Telecom InfrastructureCDMA operators sustain downward growth profile
FUND paucity and regulatory challenges were identified yesterday as factors that compromised the actualization of $210 million (N41.5 billion) merger deal, targeted at reviving Nigeria’s moribund Code Division Multiple Access (CDMA) sub-sector of Nigeria’s telecommunications sector.
The merger deal, mooted in 2012, and was scripted to bring together CDMA operators including Starcomms, Multilinks and MTS, to revive their dying operations in Nigeria.
The merger was actually initiated by an American investment group, CAPCOM Limited, which planned to invest $210 million in the business company. If it had succeeded, Starcomms would have survived as the brand name.
CAPCOM was a special purpose vehicle established in 2012, for the acquisition of Starcomms shares and related transactions, with money raised from investment funds, hedge funds, family offices and industry partners around the world.
In an interview with The Guardian, the supposed Chief Executive Officer (CEO) designate for CAPCOM, Demola Elesho, reiterated that the deal was to help merge the CDMA operations of Starcomms, Multilinks and the property of former MTS.
Elesho, who is no more with the team on the deal, however, said the needed funding, both local and foreign, which didn’t come on time, was actually what halted going forward with the merger. Besides, The Guardian also gathered that slow regulatory interventions from both Securities and Exchange Commission and the Nigerian Communications Commission (NCC) also served as clog to the merger’s actualization.

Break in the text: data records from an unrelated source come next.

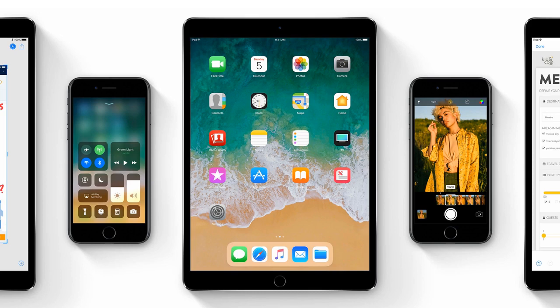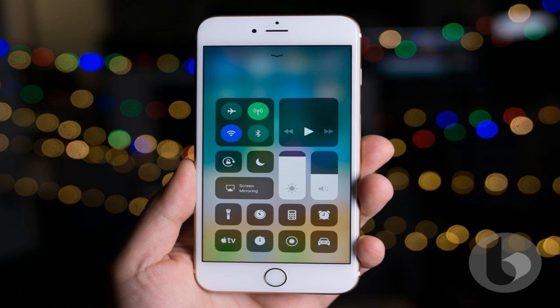iOS 11 was unveiled at WWDC in June and is compatible with iPhone 5S and above, iPad 5th generation and above, and iPod Touch 6th generation devices.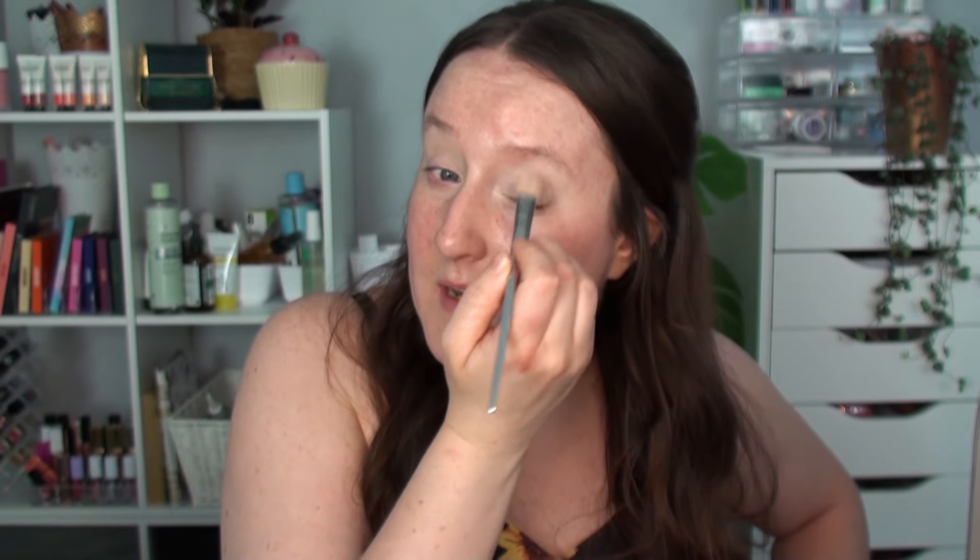I'm going in with the Beauty Bay eye base in shade Base 2, putting some across the lid because I really want these colours to pop. I'll do my eyes first and then finish up the rest of the face. Does anybody else feel like they can't do eyeshadow without their eyebrows being on first? It never goes right when I do eyeshadow before eyebrows. I'm going to go do my brows using the W7 Stroke of Genius micro pencil and also the ELF Wow Brow.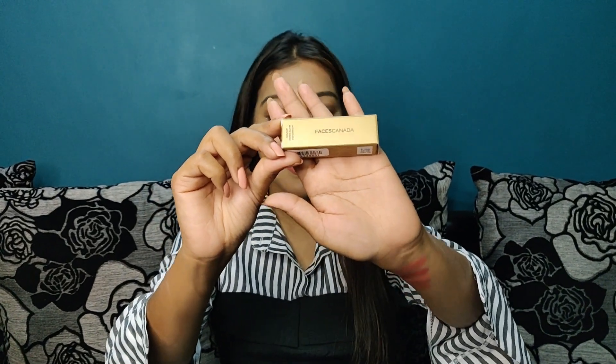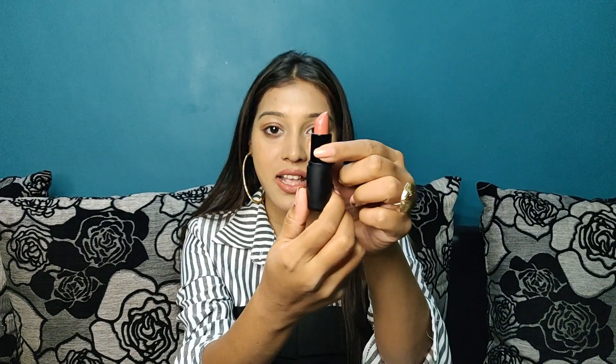The fifth lipstick is the Faces Canada weightless matte finish lipstick — a bullet lipstick. The body is very sleek with a matte black finish and gold 'Faces Canada' branding, which I love. Here's the hand swatch and here it is on my lips. It has a semi-matte finish — I'm not sure why they're calling it weightless matte when it's really semi-matte. All these creamy lipsticks are especially good right now in winter since they act as a moisturizer.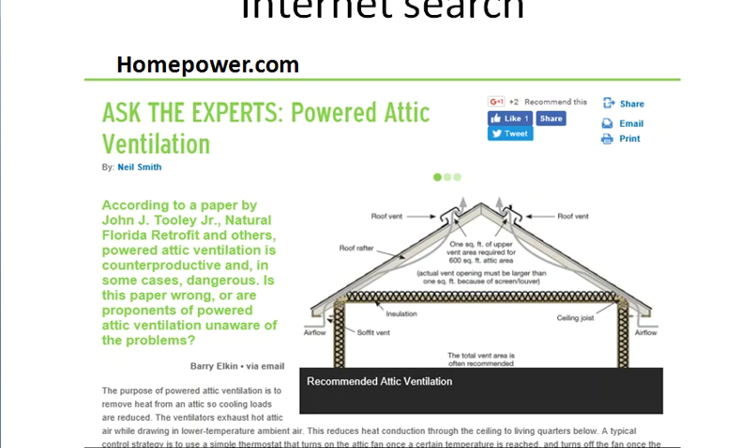When you search about this topic on the internet, one of the websites that provides information is homepower.com. According to a paper by John Tooley that they reference, powered attic ventilation is counterproductive and in some cases dangerous. The website provides a nice illustration showing how an attic fan works — it sucks air from the vents around the attic and exhausts it through other vents.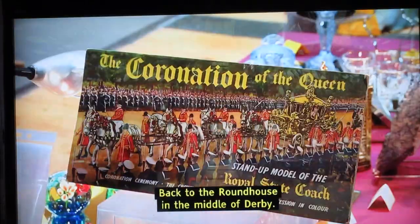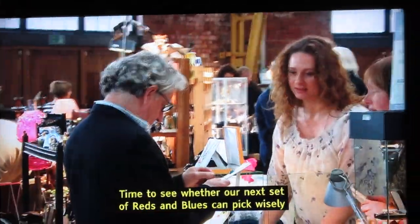Back to the roundhouse in the middle of Derby. Time to see whether our next set of reds and blues can...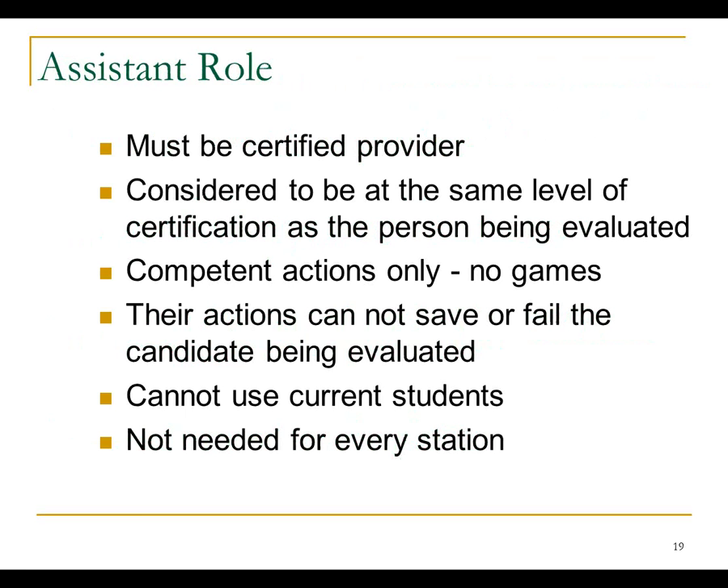You may have a couple other people in the room with you depending on the station. You may have an assistant. The assistant has to be a certified provider because they are going to function as a certified provider — considered to be a competent EMS provider who can do what they're told. They're considered to be at the same level as the individual they're working with so they can provide assistance at that level. They're competent and not going to do things to trick people.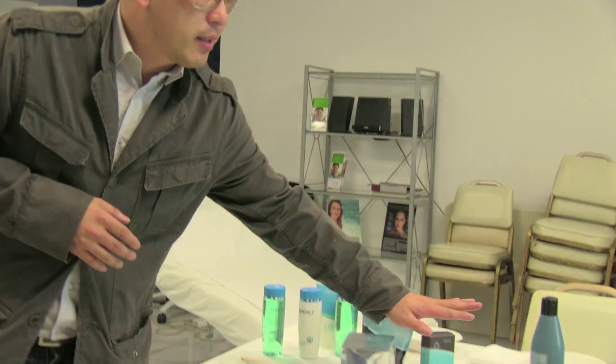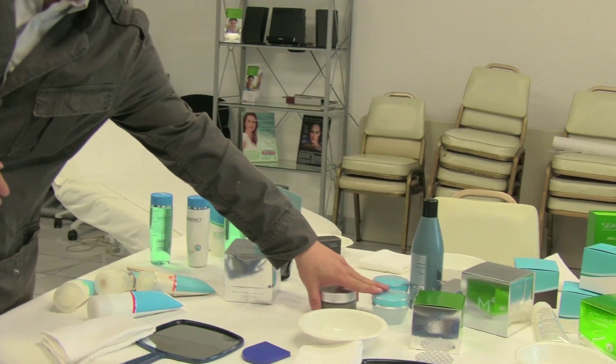And you want to keep your most demonstrable products ready to go — that's like the M4, that's like the mud mask, that's like the peeling gel.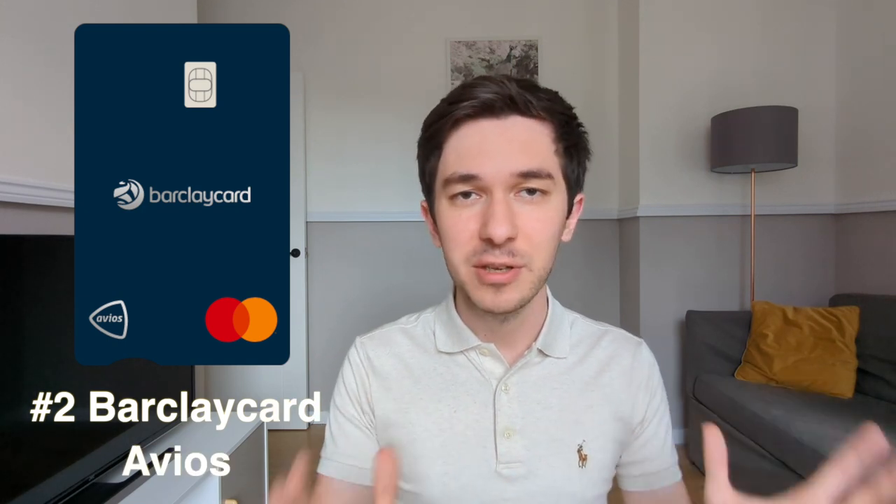At number two is the Barclaycard Avios credit card, which is a completely free product giving you one Avios per £1 spent. There are two reasons I have this card. Reason one: I use it whenever Amex is not accepted — a lot of stores still don't accept Amex, so this is my backup card where I can still earn Avios. I prefer Amex membership reward points because they're more flexible — I can convert them to Avios, transfer to other Amex partners, or convert to cashback — but if the store doesn't accept Amex, this card beats getting nothing at all.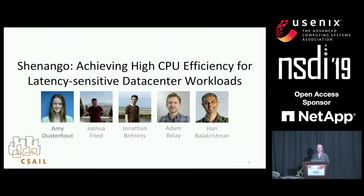Today I'm going to talk about Shenango, which is a system that enables applications in data centers to achieve high CPU efficiency and low tail latency simultaneously. This is joint work with my colleagues at MIT: Josh, Jonathan, Adam, and Hari.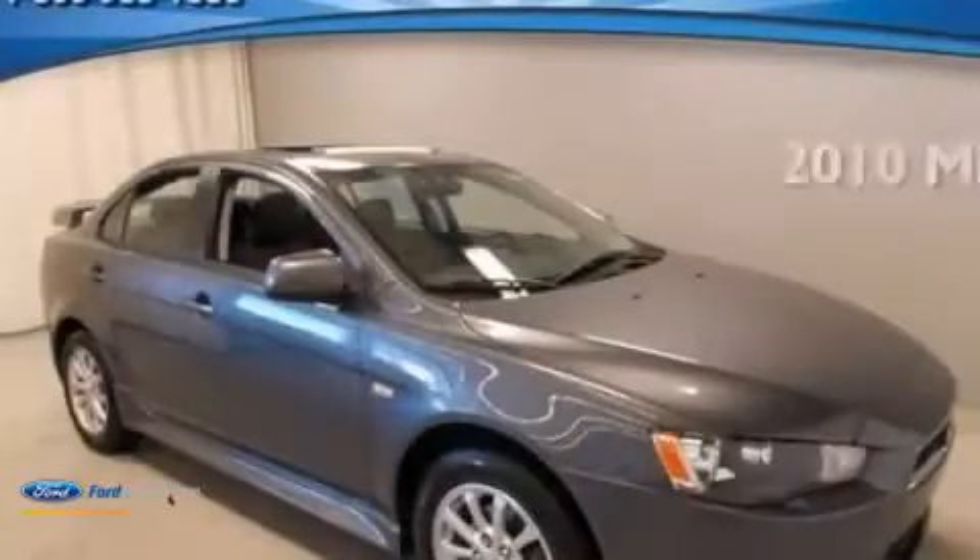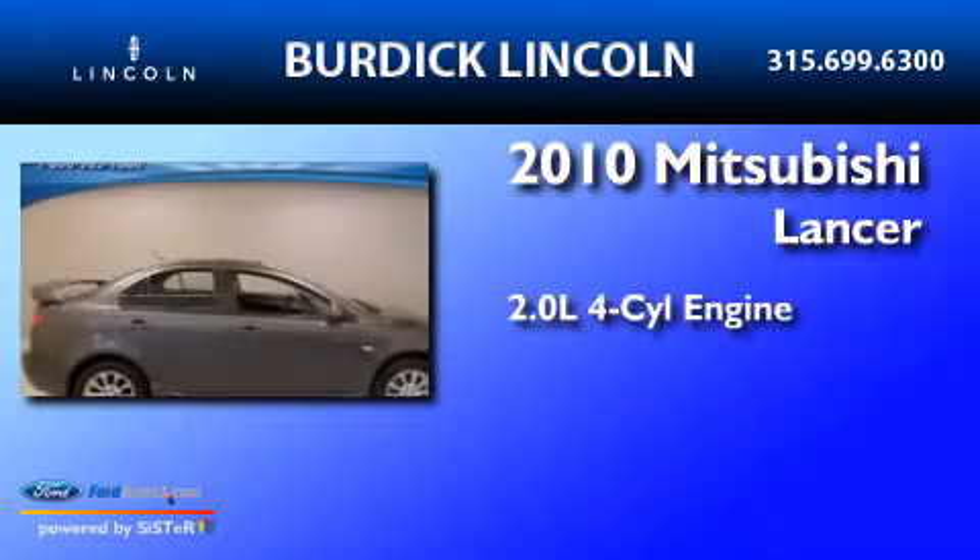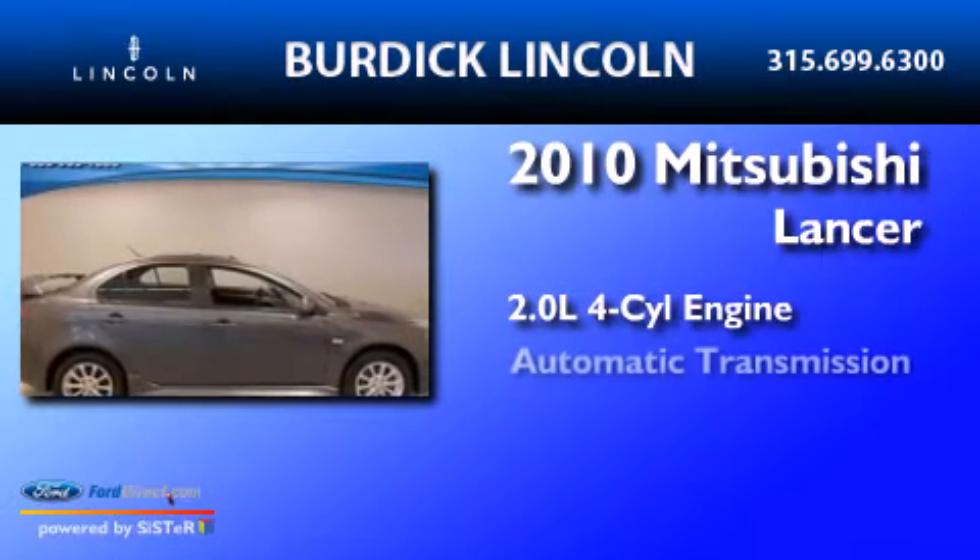This is a 2010 Mitsubishi Lancer. It features a 2.0-liter four-cylinder engine and an automatic transmission.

“Unfortunately, up until the time I left them, which was till December 2014, the funding both local and foreign total achieved was not sufficient to realise the ambition”, he stated.
According to Elesho, who chairs ConSol, an indigenous call centre operator, though lots of money was raised but, “it was not just enough to realise that dream of buying an old company, pay off the debts and still have enough money to launch a new 4G/LTE technology. I know the other partners are still trying. Anything can still happen. I wished them luck.”
Meanwhile, the NCC statistics further showed a sustained downward profile from the operations of the CDMA operators. The remaining operators are Visafone and Multilinks.
According to NCC, while Nigeria’s teledensity is now about 108 per cent, the CDMA operators, which had 2, 125,941 subscribers in August lost 83,926 of them within a month, resulting to 2,042,015 by September.
On why the CDMA operations continued to nose dive in the country, Elesho said: “What we call the CDMA operator in Nigeria is just a bad tag because they are another operator using CDMA technology. So, I think CDMA technology in Nigeria was not successful not because the technology was not good, but it never saw the kind of investment both capital inflows and people investment like other technology in GSM.”
According to him, the CDMA technology came from second to third and to fourth before it lost the race completely, which is the consequences of competition, “and we must leave with the result and move on.”
It will be recalled that at the formal announcement of the merger plan in December 2012, the Acting Chief Executive Officer of Starcomms, the leading firm in the merger, Olusola Oladokun said that by April 2013, the $210 million investment from CAPCOM would reposition the company’s operations. He stressed that the company will be providing 4G LTE services. But the deal failed to fly.
Indeed, CAPCOM was expected to invest $112 million to the CDMA assets of Multilinks and MTS, while $98 million cash would go into Starcomms as part of the transaction.
Furthermore, Capcom was expected to raise $50 million of equity from a limited number of key investors, while additional funds will be provided through a $62 million loan from Africa Export Import Bank (Afreximbank).